Below are the records; copy exactly the stretch from the line containing "Ford Transit Custom" through the line containing "Mazda CX 30 Midl Híbrido/Gasolina 2021", both ends included, and nothing else.

***** Data records *****

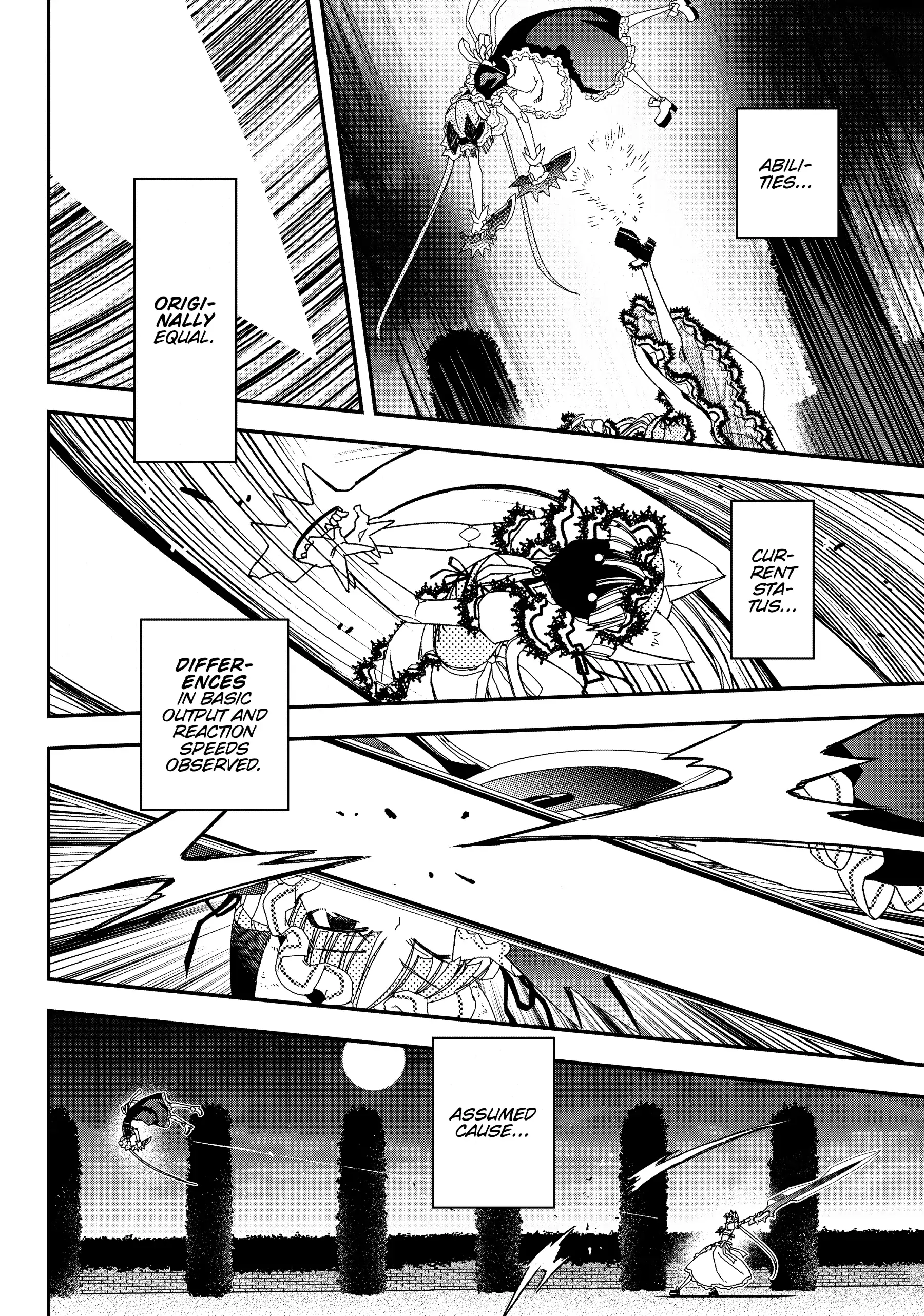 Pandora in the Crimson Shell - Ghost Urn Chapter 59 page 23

*****
***** Data records *****

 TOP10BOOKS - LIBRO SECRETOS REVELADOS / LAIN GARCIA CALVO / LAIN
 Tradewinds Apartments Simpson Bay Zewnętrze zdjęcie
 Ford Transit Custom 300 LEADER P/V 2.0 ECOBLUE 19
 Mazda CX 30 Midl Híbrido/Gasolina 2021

*****

Solution to this problem:
 Ford Transit Custom 300 LEADER P/V 2.0 ECOBLUE 19
 Mazda CX 30 Midl Híbrido/Gasolina 2021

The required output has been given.